Illustration: Collected
There was a time when almost all Zimbabweans became millionaires. However, during their hyperinflation crisis, even a million dollars might have only been sufficient to purchase a single chicken.
Banks in Bangladesh continue to face a liquidity crisis, whereby every month we see news of the Bangladesh Bank printing thousands of crores of Taka to rescue financially dwindling banks through quantitative easing or increasing the money supply. Such measures put Bangladesh at high risks of economic instability.
Even around a month ago, news portals reported the Bangladesh Bank printing Tk. 52,500 crore to bail out twelve banks. Bailouts have also been carried out of banks, including S Alam Group affiliated banks worth Tk. 2,500 crore around March 2025.
While, mass printing money may seem like the short-term magic solution for the troubled, for those who understand a bit of economics, it is signaling a whole wide array of warnings for looming economic trouble.
Hyperinflation as well as currency devaluation are some of the potentially malignant issues facing our economy going forward as a result of excessive printing of money.
Such hyperinflations due to excessive printing of money for example has been faced by countries ranging from Germany in the early 20s, and Hungary in the mid 40s, while Zimbabwe faced hyperinflation as high as 231,000,000% in a single year in 2008, with hyperinflation rates that exceeded 1,000,000% in Venezuela in some recent years. Similarly, the Sri Lankan economic and political crises were in part fueled by their central bank's decision to print money leading to hyperinflation.
While some may argue, that the USA and European Union also printed large sums of money such as to fuel COVID stimulus packages in the recent past, while they have faced inflations as a result, what shielded them vs. the scenario that may affect developing countries like ours is that their currencies dominate currency hegemonies globally.
Increase in money supply without corresponding increase in economic output could result in devaluation of our currency in the global market. This could in turn also lead to imports becoming more expensive, and at the same time a decrease in international investments.
Trust in the currency is declining as the government continues to print increasing amounts of money. It could also potentially lead to misallocation of resources by businesses, focusing on short term gains rather than long term sustainability. At the same time, it may create an asset bubble such as in the real estate.
While printing money might seem like a quick fix for economic problems, it can lead to serious consequences, including high inflation or hyperinflation, currency devaluations, reduced confidence, and misallocation of resources. Moreover, value of savings will decrease as a consequence.
As per Keynesians, during the Great Depression in the USA, it was theorized that increasing employment and consumption or expenditures could stimulate economies. They suggested discouraging savings and encouraging expenditures to fuel economic growth. Some new Keynesians on the other hand argued that, a combination of steady, rule-based monetary policy and a few fiscal stabilizers-such as fiscal stimuli to increase investments, as well as unemployment insurance payments as people lose their jobs and lower tax receipts as incomes fall-were all it took to tame the business cycle.

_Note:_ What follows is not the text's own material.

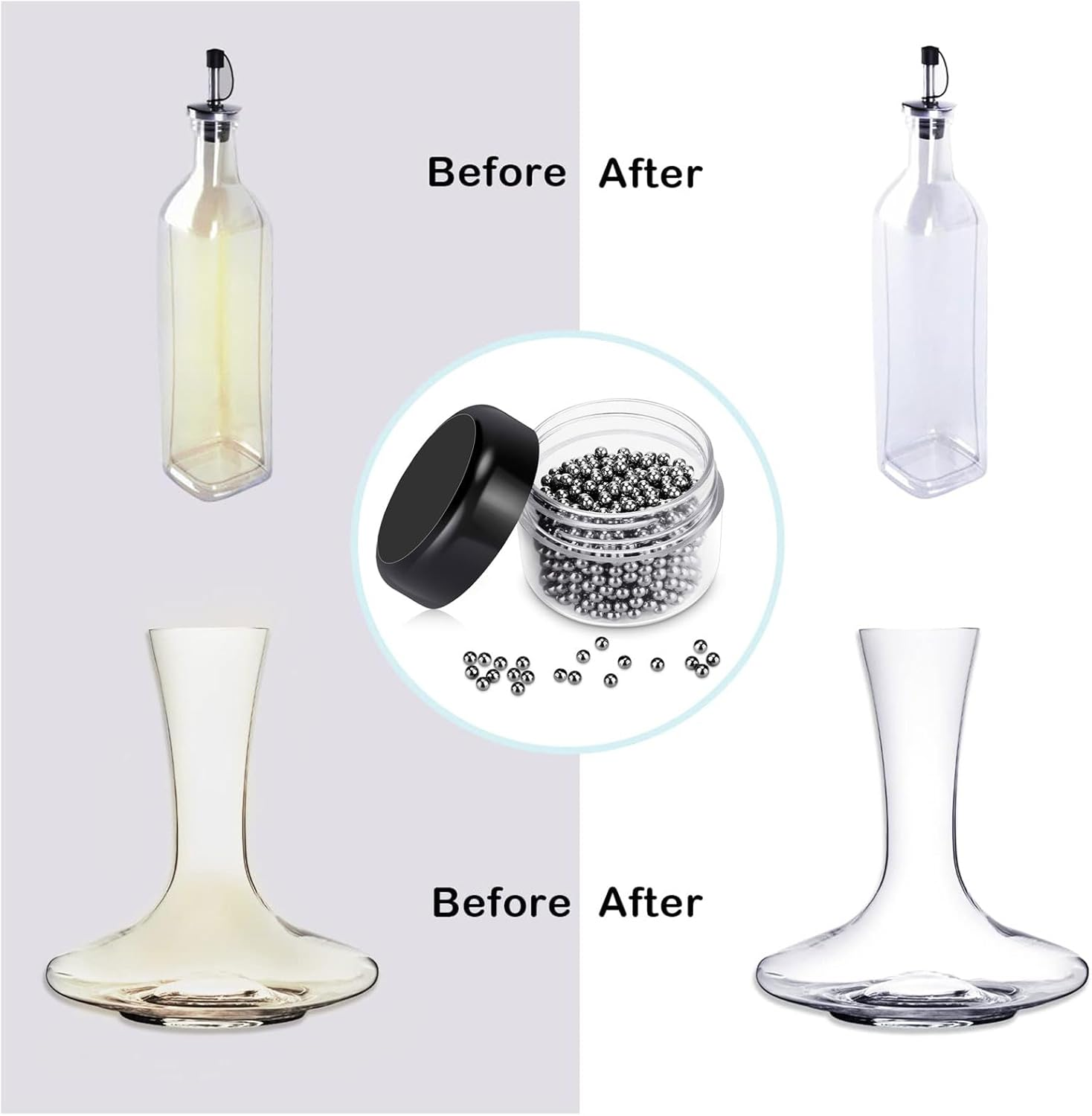 Lyvixora 1000 PCS Decanter Cleaning Beads - 304 Stainless Steel Cleaning Balls for Wine Decanter, Glass Bottle, Carafe and Vase | Reusable, Rust-Proof Metal Beads for Fast Cleaning & Shining image number 2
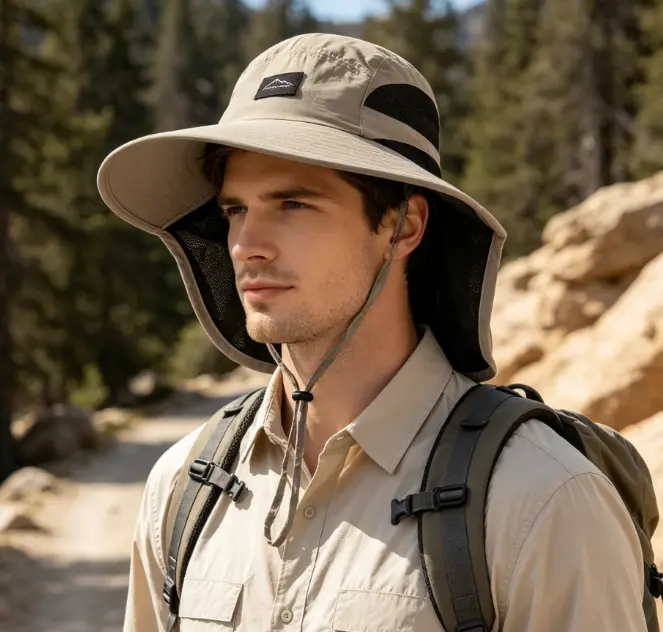 UPF 50+ Sun Protection Hat with Neck Flap - Mount Hood Wide Brim Bucket Hat, Waterproof Breathable Packable Hiking Fishing Gardening Safari Beach Hat for Men Women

Bangladesh also stands at risk of facing another economic downturn due to higher costs resulting from the 35% newly imposed duty increase by the US on goods from Bangladesh. On the other hand, while some may argue that our export competitor in garments i.e. China is also facing a similar trade war with USA with increased tariffs, Bangladesh might review its reciprocal tariff policies to open doorways for negotiations with USA in a transparent manner. As a blessing in disguise, Bangladesh may also invest on triggering significant trade diversions from China in goods such as clothing, textiles and electronics.
On the other hand, the WTO discourages reciprocal tariffs as a threat to global multilateral trading, and promotes the most-favored-nation (MFN) principle, which requires countries to treat all trading partners equally by applying the same tariff rates.
An industry that has in the past fared well for Bangladesh in exports has also been the pharmaceutical industry, besides ready-made garments. And keeping doorways open regarding the pharmaceutical industry exports may mutually benefit both Bangladesh and USA, with rising medical costs to combat by Americans.
On the other hand, currently, Bangladesh exports various goods to multiple international markets, including the European Union (EU), the UK, India, China and Australia under a duty-free facility but this facility will stop after the country's LDC (least developed country) graduation.
As a mid-term outlook, as Bangladesh looks to be phased out of the Generalized Scheme of Preferences (GSP) benefits from the European Union by 2029, the country also urgently needs to strategize interventions and ratification of human rights, labor, governance and environmental conventions, to become eligible for GSP Plus for the European Union. A country must satisfy two vulnerability criteria and ratify 27 international conventions to become eligible for GSP-plus status. Implementation of the labor laws in Bangladesh must be given top priority to achieve the GSP Plus benefits.
"The political problem of mankind is to combine three things: economic efficiency, social justice and individual liberty." ― John Maynard Keynes
Mehzabin Ahmed is a development professional.